It strikes me that the IDA do simple things well. With just 34 employees in the US, much of what they do is look for Irish names in senior executive roles corporate America and cold call them, then set up communications channels and then crucially keep them open (76% of their business is with existing clients).

Time will tell if the Farmleigh event is a Diaspora world shaker, or a one off media stunt. Mairtin’s frustration is understandable. Not least since some of the good will shown by corporate America towards Ireland generally, has its basis in the success of Northern Ireland’s Peace Process.

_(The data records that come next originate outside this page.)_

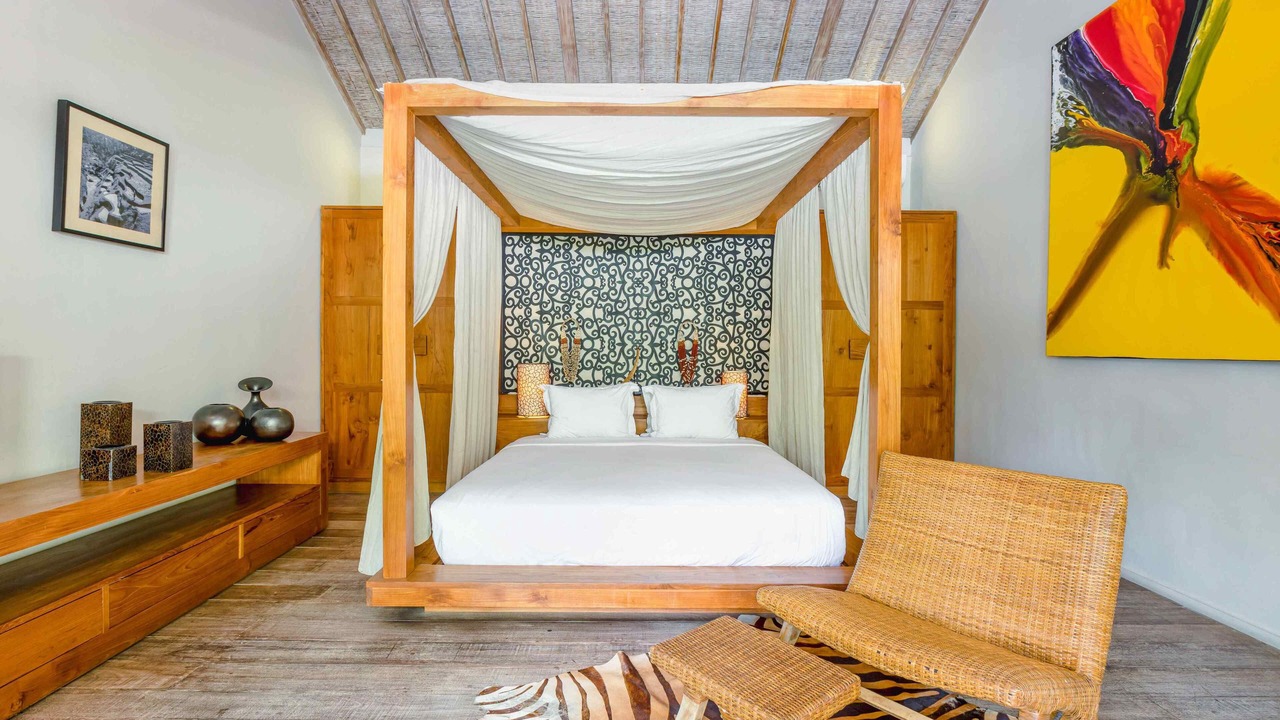 Photo of Bedroom in Drupadi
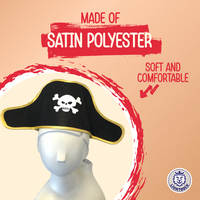 Pirate Hat 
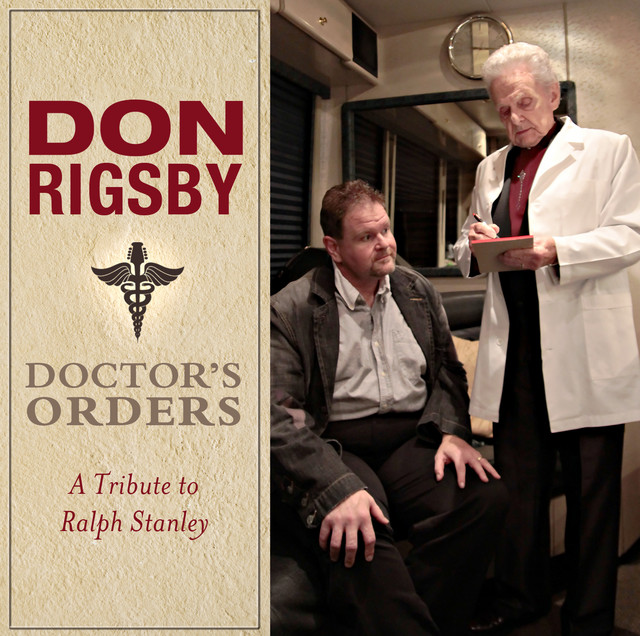 Doctor's Orders: A Tribute to Ralph Stanley album cover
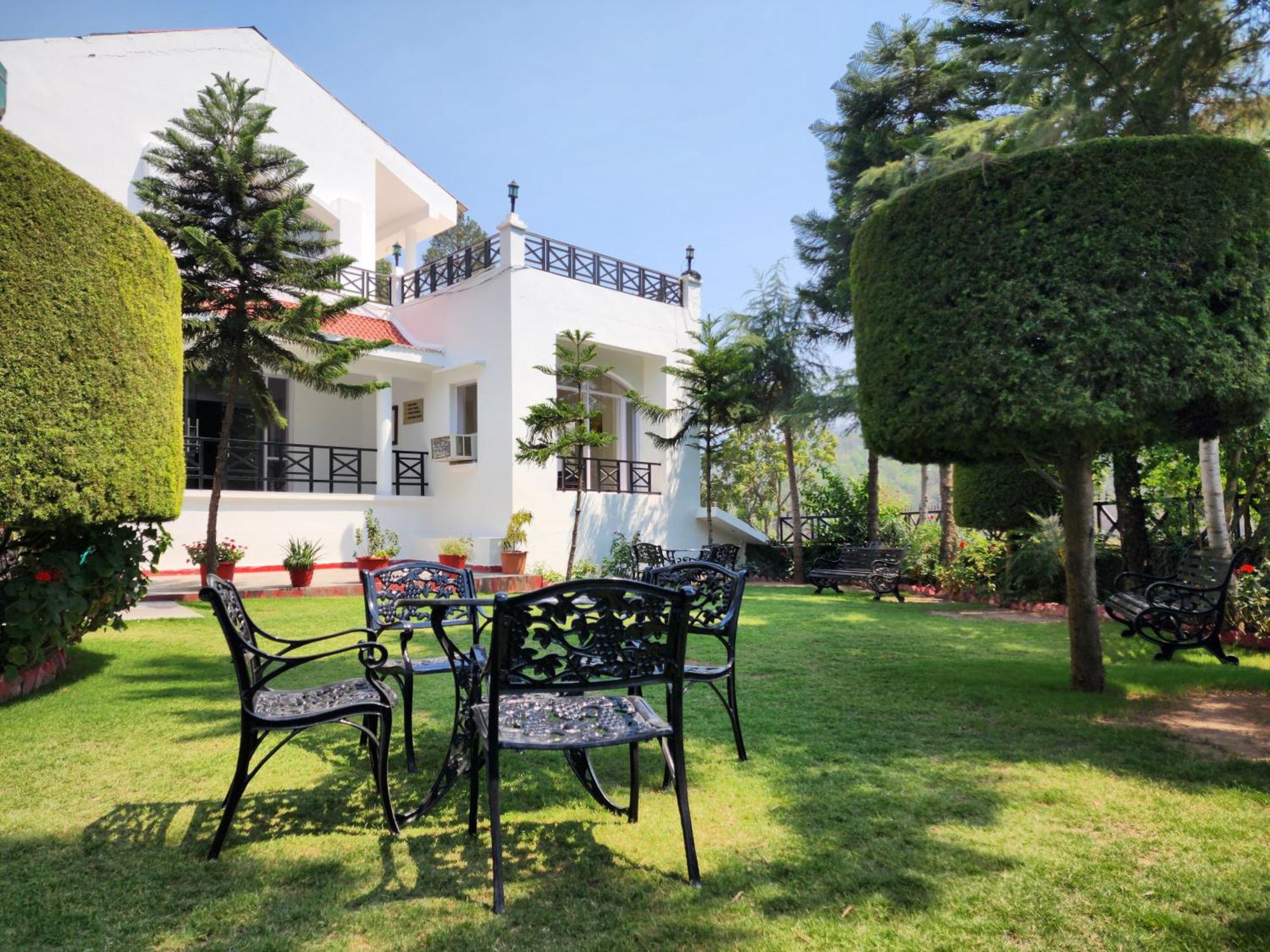 Hotel Royal Ark - Kasauli Exterior foto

But the success of that process has been replaced by the serial failure of the local political process, and more importantly the failure of Northern Ireland’s politicians to strategise with the instruments and resources they already have (think InvestNI and SIB).

So why do I think newspapers are screwed; especially since my colleague from PA spotted Coughlan’s gaffe when I didn’t?

Well, the gaffe was a good catch, but by no means all of the story. The bylined journalist from the front page story does not appear to have even been in the room. His ‘account’ was a good blog riff, on the basis of someone else’s (albeit paid for) legwork. Catching the Deputy PM blagging on a smart economy, is one thing, but informing citizen’s about that what’s actually being done is quite another.

I understand the economic reasons why newspapers adopt this ‘apparition strategy’ in such fuzzy, messy and difficult-to-manage world. But it seems to me that with the exception of some high end financial journalism, companies, political parties, and civil society organisations might be better off heading down the citizen journalism route, rather than taking a risk on trying to catch the attention of the pre-occupied, overworked, overstressed generalists of the mass media.

It will inevitably lead to some bumpy rides, but we already know that the ‘dodgy’ Wikipedia has developed a seemingly endless capacity to get into areas that the ‘respectable’ Encyclopaedia Britannica just can’t…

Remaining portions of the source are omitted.